Low-level left join in Apache Flink
Background
To do low-level left joins between streams in Apache Flink, we need to utilize one of the process function classes, i.e., the KeyedCoProcessFunction
class. The KeyedCoProcessFunction
class gives us the ability to use keyed state. Flink’s keyed state will hold the state of the right side stream, which is the stream we use to enrich the left side stream. In this implementation below, every time we pass a record into the left side stream, the KeyedCoProcessFunction
will look into the state of the right side stream and then call a method to transform the left side stream with data from the right side stream, if data with the same key exists. After that, the KeyedCoProcessFunction
will output the transformed data.
Implementation
The LeftStreamJoin
class
A fairly basic example of an abstract class extending KeyedCoProcessFunction
to do low-level left join will look like:
/**
* The {@code LeftStreamJoin} defines common method to left join two streams by common key.
*
* @param <KEY> join key
* @param <LEFT> left side stream
* @param <RIGHT> right side stream
* @param <OUT> joined stream
*/
public abstract class LeftStreamJoin<KEY, LEFT, RIGHT, OUT> extends
KeyedCoProcessFunction<KEY, LEFT, RIGHT, OUT> {
private static final long serialVersionUID = 1L;
protected final String stateName;
protected final Class<RIGHT> rightSideClass;
protected transient ValueState<RIGHT> rightSideState;
/**
* Constructs a new {@link LeftStreamJoin} with state name and class of the right side stream.
*
* @param stateName name for Flink state for the right side stream
* @param rightSideClass right side stream class
*/
public LeftStreamJoin(final String stateName, final Class<RIGHT> rightSideClass) {
this.rightSideClass = rightSideClass;
this.stateName = stateName;
}
/**
* Joins left side and right side streams with the same key.
*
* @param key join key
* @param left left side stream
* @param right right side stream
* @return the joined stream
*/
public abstract OUT join(KEY key, LEFT left, RIGHT right);
}
In this abstract class, we define LeftStreamJoin
extending KeyedCoProcessFunction
. We define stateName
as Flink’s state name (Flink uses state name as the identifier) and rightSideClass
as the class of the right side stream. We also created the transient field rightSideState
, which we will initialize in the open()
method. This field will hold the state for the right side stream, employing the Flink’s ValueState
. We will update the rightSideState
every time a new record with the same key arrives. The abstract method join()

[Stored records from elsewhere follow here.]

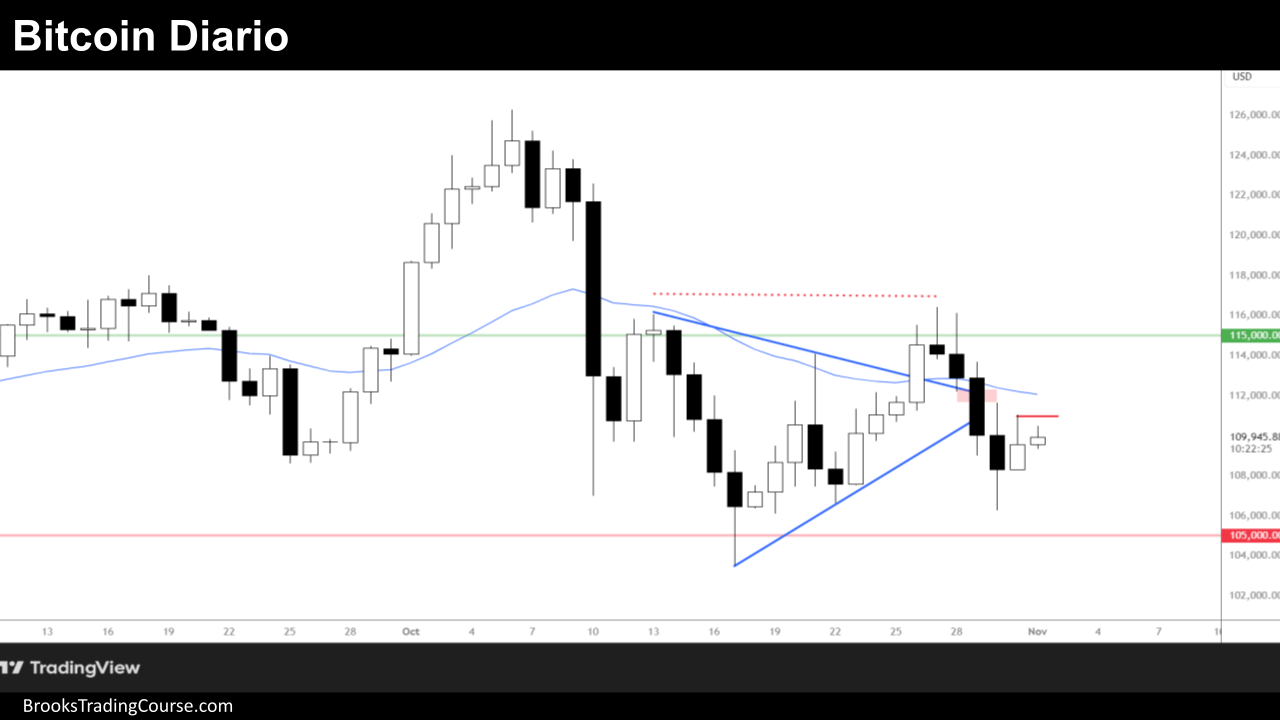 Bitcoin: Cuarta Pata Alcista en Resistencias 3 20251101 BITCOIN REPORT 2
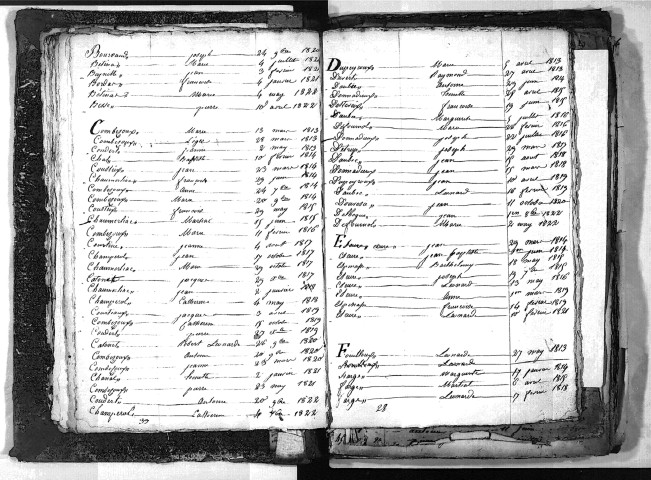 Tables décennales des naissances (1813-1822)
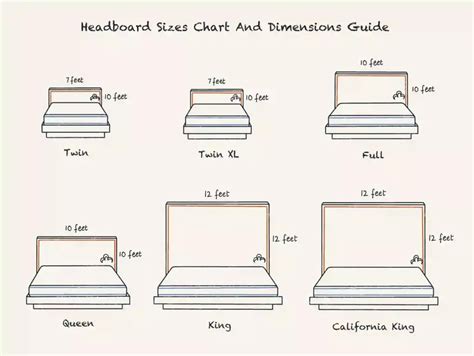 Diy Full Size Headboard Cal King Headboard Tall Headboard Queen Size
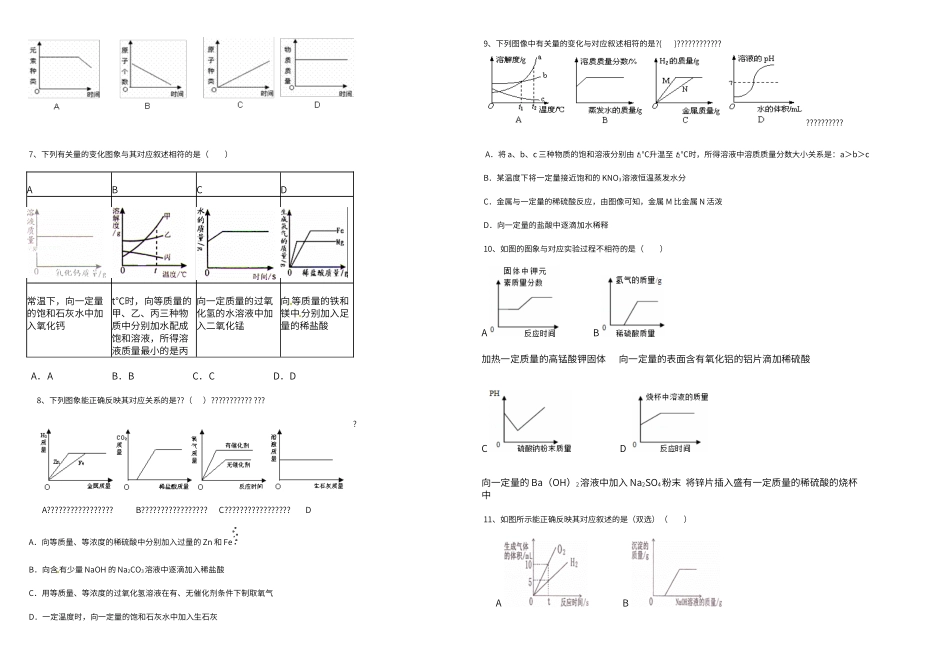 初中化学图像题专题_第2页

will define how we join the streams in the implementing class.
The open()
method
The open()
method, to initialize the ValueState
:
@Override
public void open(final Configuration parameters) throws Exception {
super.open(parameters);
// Creating the state descriptor
final ValueStateDescriptor<RIGHT> rightSideStateDescriptor = new ValueStateDescriptor<>(
stateName, rightSideClass);
// Initializing the ValueState
rightSideState = getRuntimeContext().getState(rightSideStateDescriptor);
}
What to do when the right side stream arrives
When we process the right side stream, we will update the ValueState
every time a new record arrives. The implementation will look like this:
@Override
public void processElement2(final RIGHT value, final Context ctx, final Collector<OUT> out)
throws Exception {
rightSideState.update(value); // Update the state with latest record for the key
}
Transforming the left side stream
Last but not least, we need to implement the method to process the left side stream. In this process, we will call the join()
method to join the incoming record with the record from the right side stream that we currently have in the state store. It will look like this:
@Override
public void processElement1(final LEFT value, final Context ctx, final Collector<OUT> out)
throws Exception {
final KEY key = ctx.getCurrentKey();
final RIGHT right = rightSideState.value(); // Get the value of the right side for this key
out.collect(join(key, value, right)); // Join streams and output the result
}
Conclusion
As the name suggests, to do low-level join is not that straightforward in Apache Flink. However, with low-level join, we can control how exactly the logic of the stream join is, as demonstrated with the above abstract class where we can fine-tune and change the logic of the join()
method in the implementing class. Optionally, since we can have side outputs in Flink, we can add some logic to output records to side outputs, e.g., records without corresponding right side stream.